No failures should occur from Ehcache itself. However, the surrounding environment can fail. e.g.:

Disk failure of a disk tier
Server loss of a clustered tier
Network failure of a clustered tier

Resilience strategy

A cache provides an answer to the caller even if the underlying tiers fail to do so. For instance, if the cache fails to get() a value, it will return null.

This behavior is handled by the ResilienceStrategy. Each time a backend tier fails, it throws a StoreAccessException that is then handled by the resilience strategy.

Ehcache provides two implementations by default. One use by the classical cache called the RobustResilienceStrategy and one for a cache with a loader-writer called the RobustLoaderWriterResilienceStrategy.

The RobustResilienceStrategy behaves like an always empty cache where everything added to it is immediately evicted. The result is that the caller will more or less behave as if the cache was disabled.

The RobustLoaderWriterResilienceStrategy knows about the loader-writer and will try to keep it coherent. It will also answer by calling it. So a get() will load the value from the loader-writer. A putIfAbsent() will load the value from the loader-writer and see if it’s there. If not, it will write it, if it is, it will return it.

Both strategies will also try to clean up the store that failed by removing the failed key or keys.

Clustering resilience

Let’s be honest, your on-heap storage won’t fail. Your off-heap won’t either. Your disk storage might, rarely, unless you used a network drive. But then, you are asking for it.

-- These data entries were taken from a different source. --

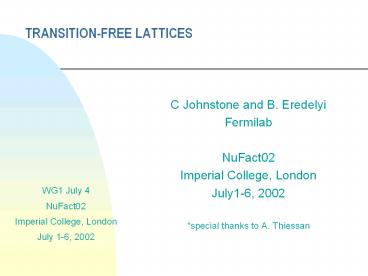 TRANSITION-FREE LATTICES
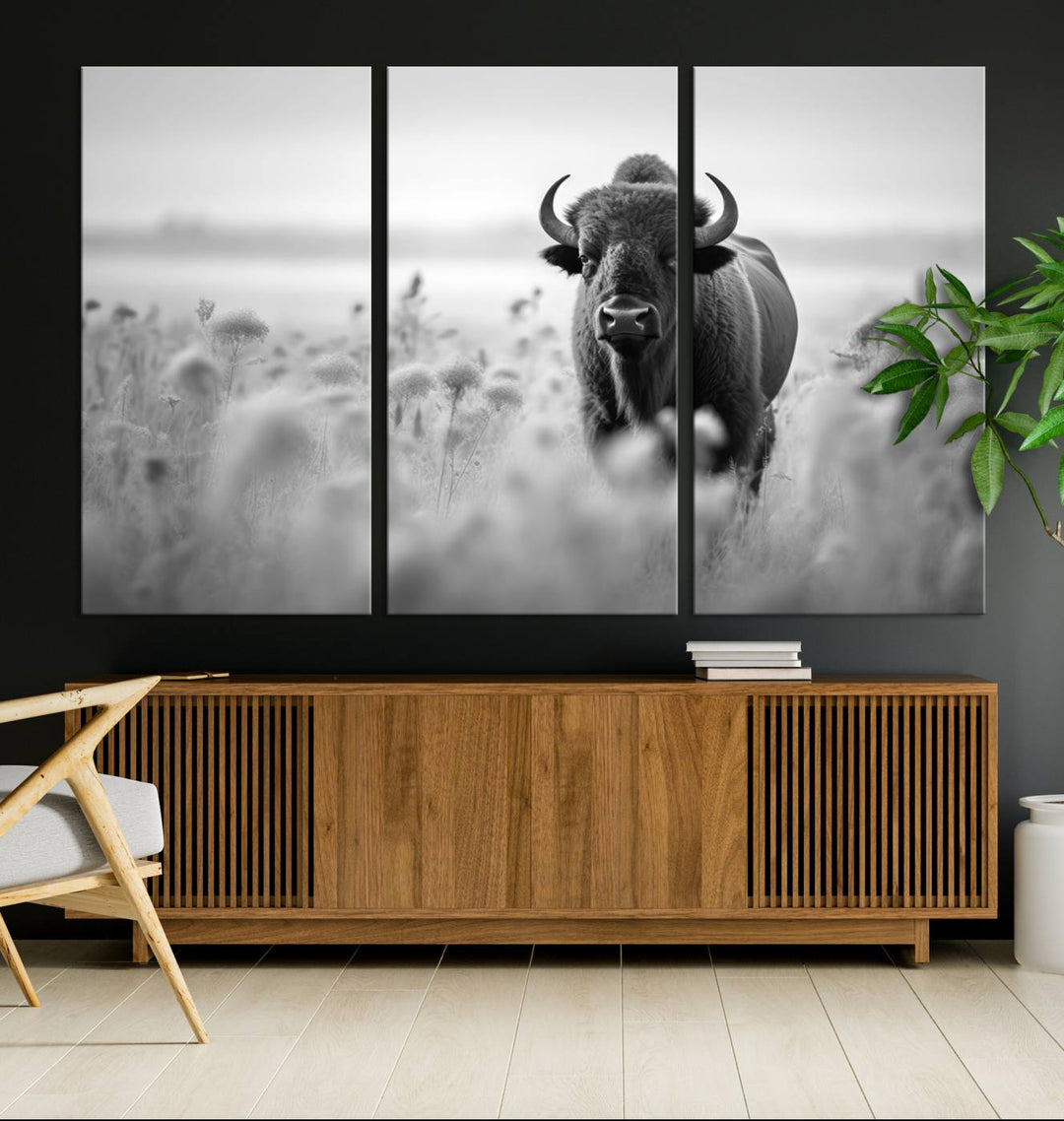 Cow Bighorn Wall Art Canvas Print, Longhorn Texas Large Cow Animal Canvas Print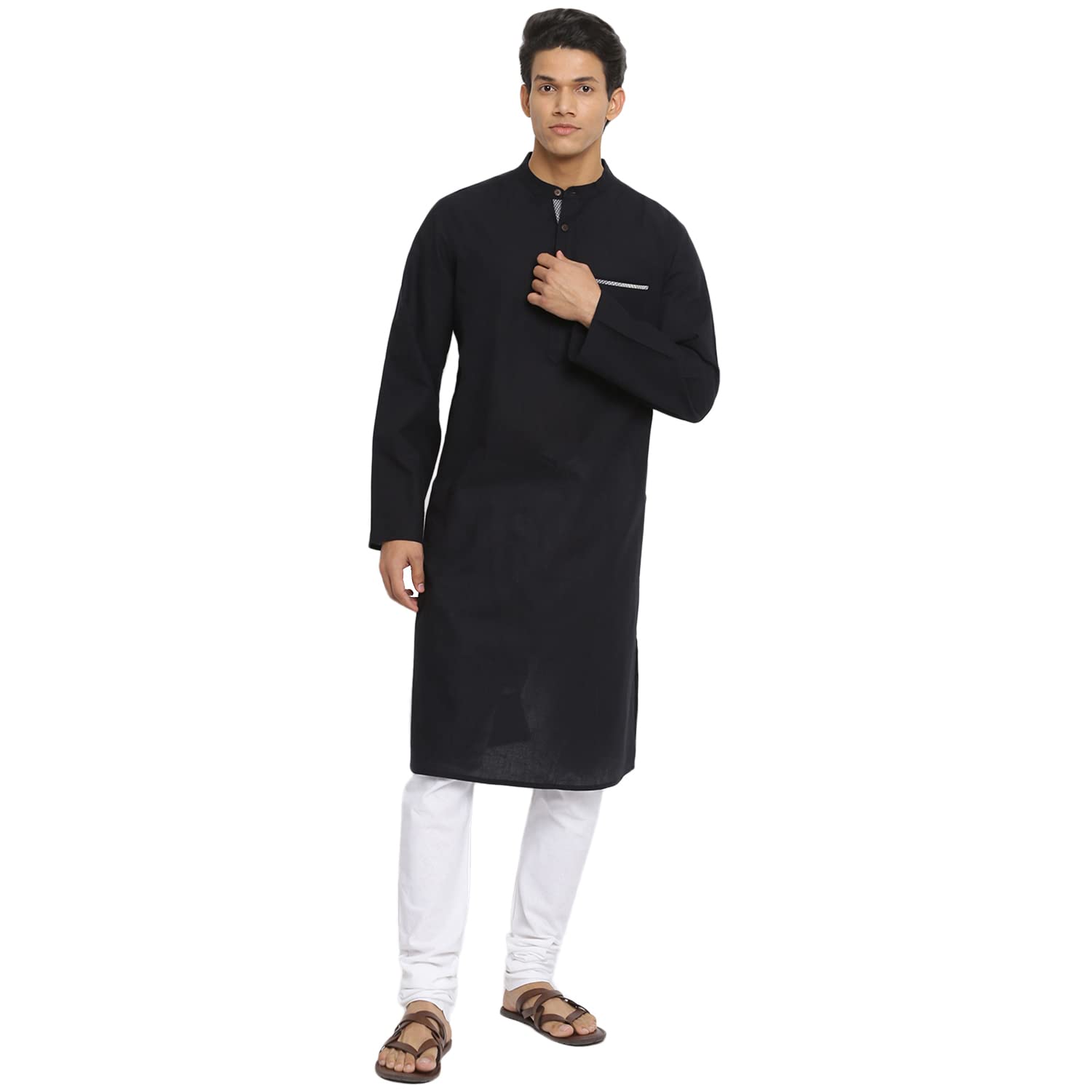 FabindiaMen Trim Chinese Collar Cotton Long Kurta Contrast_Black
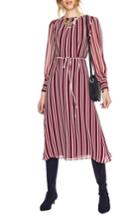 Women's Boden Belted Stripe Midi Dress - Burgundy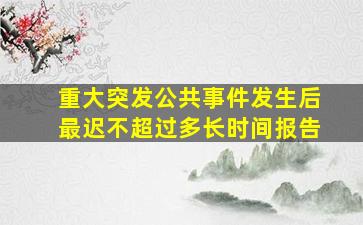 重大突发公共事件发生后最迟不超过多长时间报告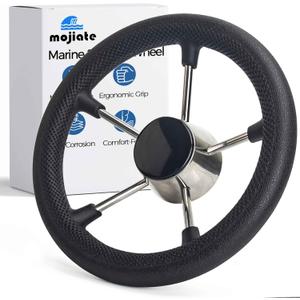 11.6" Boat Steering Wheel with PU Foam,Made of Stainless SteelPontoonBassUniversal Fit.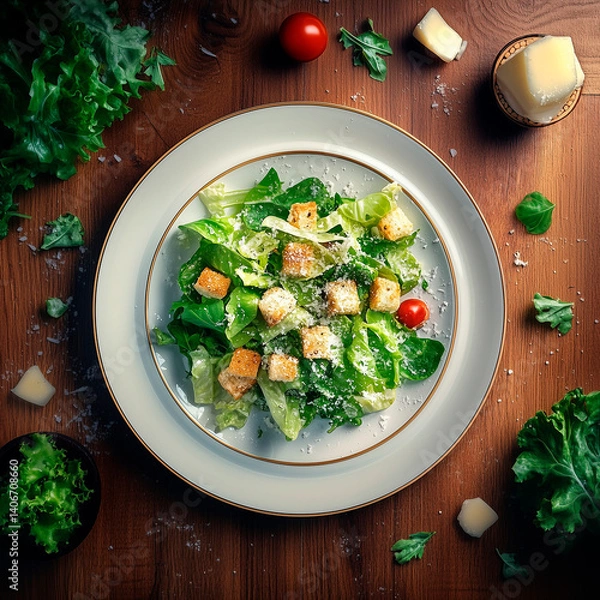 Obraz bright realistic photo of a plate with caesar salad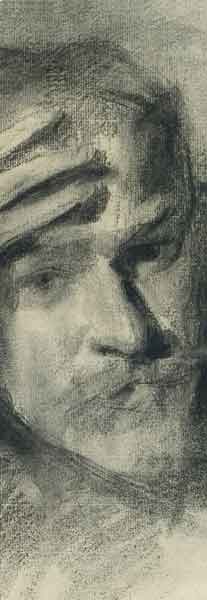Виктор Эльпидифорович Борисов-Мусатов. Автопортрет. 1904–1905. Бумага, уголь. ГТГ
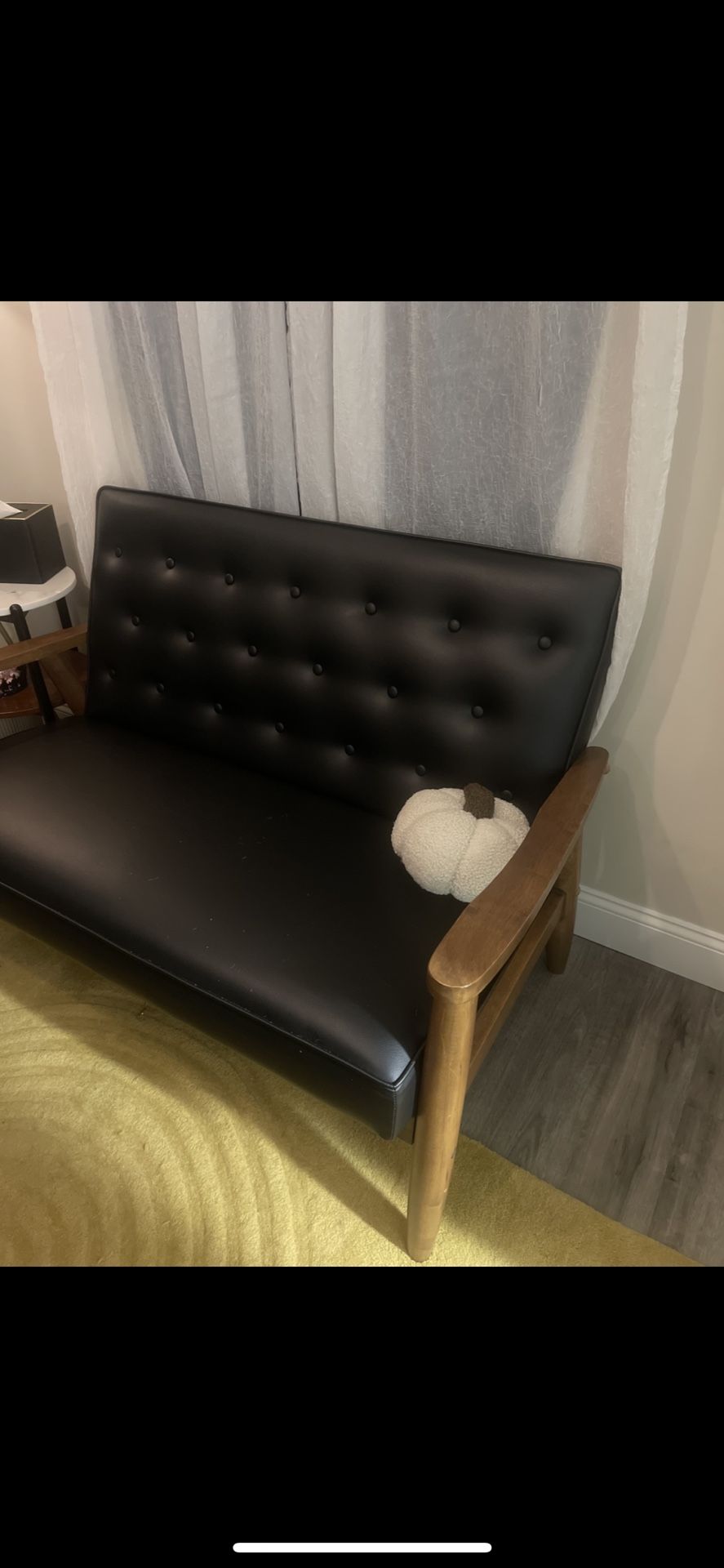 Leather Black Bench 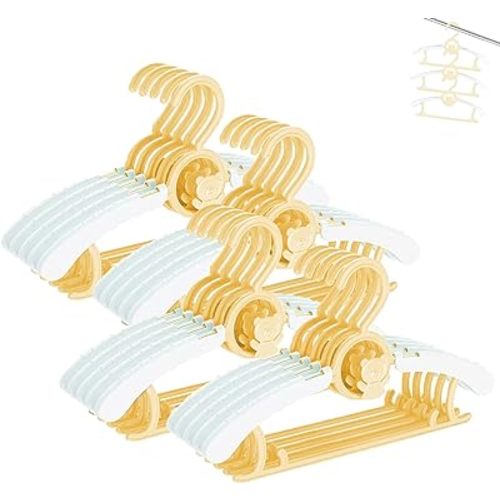 HGYZE Baby Nursery Closet Hangers, Ultra-Thin Non-Slip and Extendable Laundry Infant Pant Hanger for Newborn Clothes -20pcs Yellow Gift- Adjustable Children Coat Hanger for Girl Boy Toddler Kids Child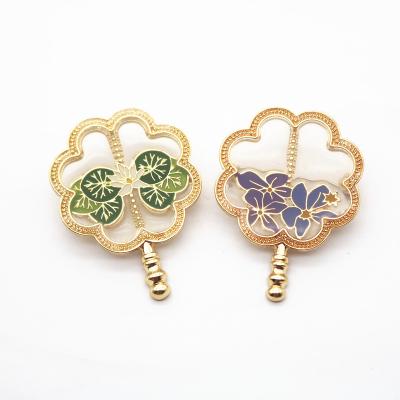 China Elegant Retro ALLOY Enamel Semi Sheer Fan Brooch Coat Corsage for sale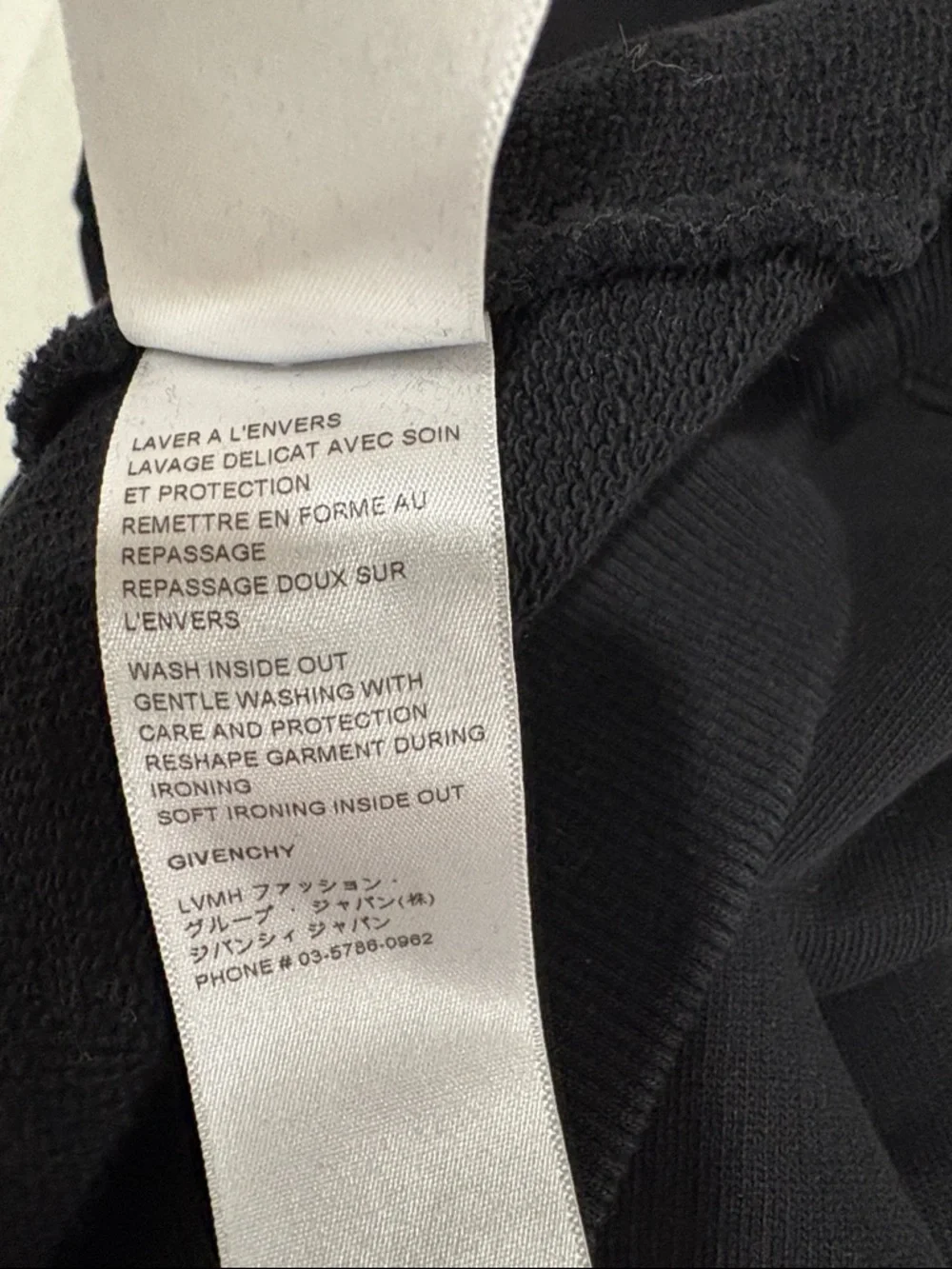 Givenchy Black Hoodie with White Diagonal Embroidered Logo XL Unisex - Picture 6 of 16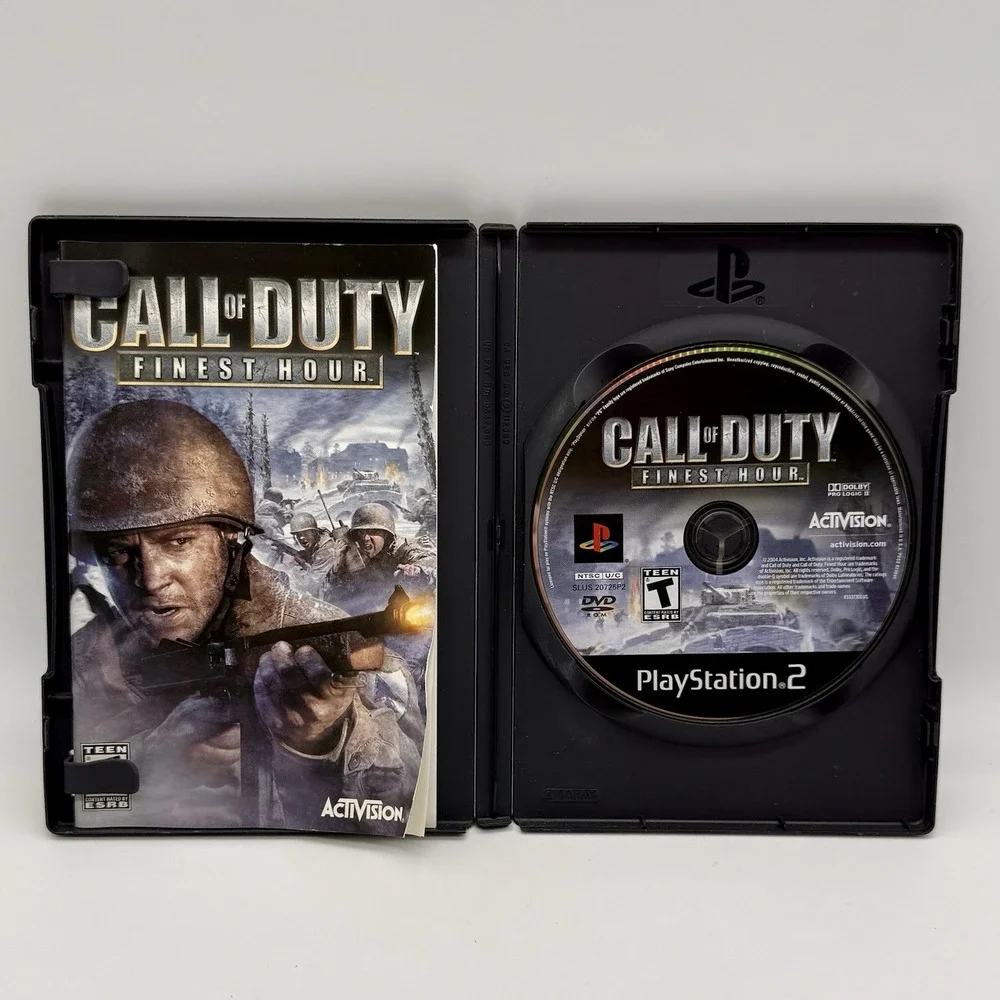 Call of Duty: Finest Hour (Sony PlayStation 2, 2004) PS2 Game Case Manual Tested
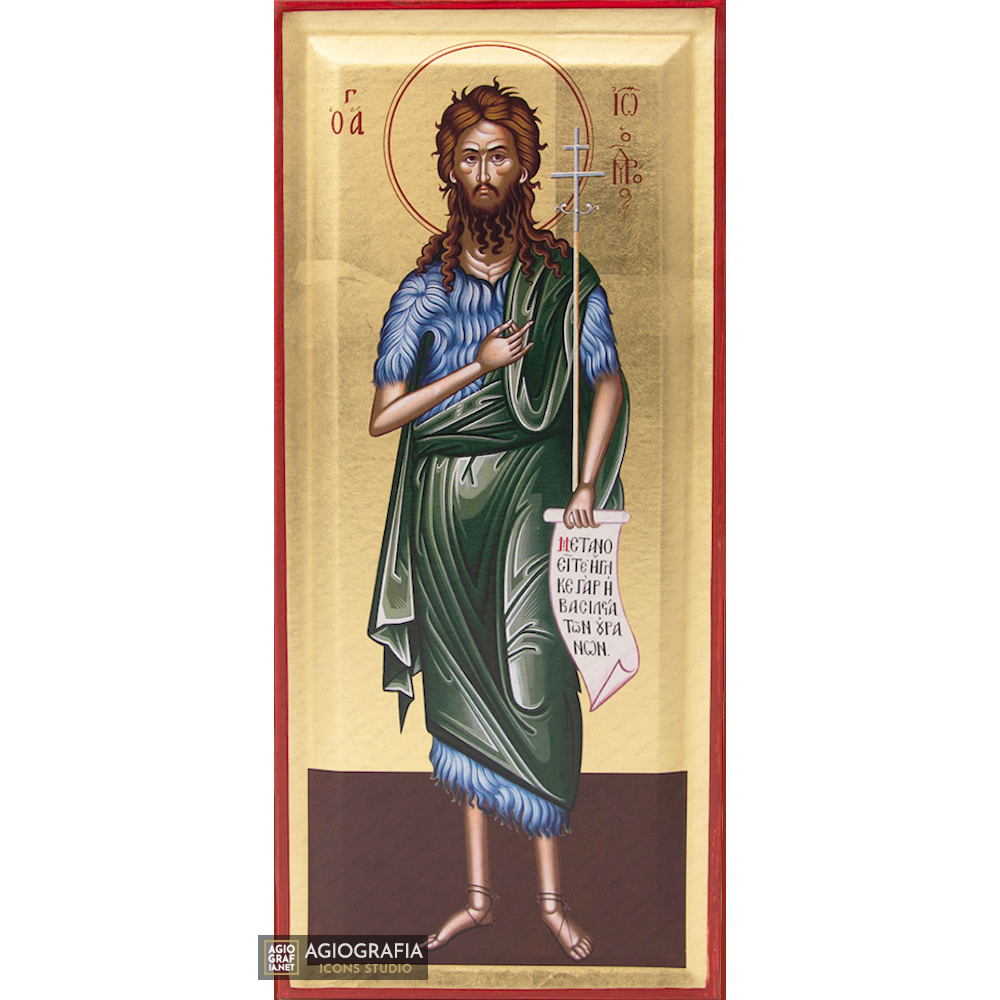 St John Baptist Christian Orthodox Icon on Wood with Gold Leaf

So, what will fail is clustering.

Timeouts

There are 3 timeouts that can be configured.

Read operation: For any read-only operations: get, contains, getAll, iterator step (default: 5 seconds)
Write operation: For any write operation: put, remove, putAll, removeAll, clear, putIfAbsent, remove, replace (default: 5 seconds)
Connection: When establishing connection to the server (default: 150 seconds)

Timeouts can be configured using a dedicated builder or in XML.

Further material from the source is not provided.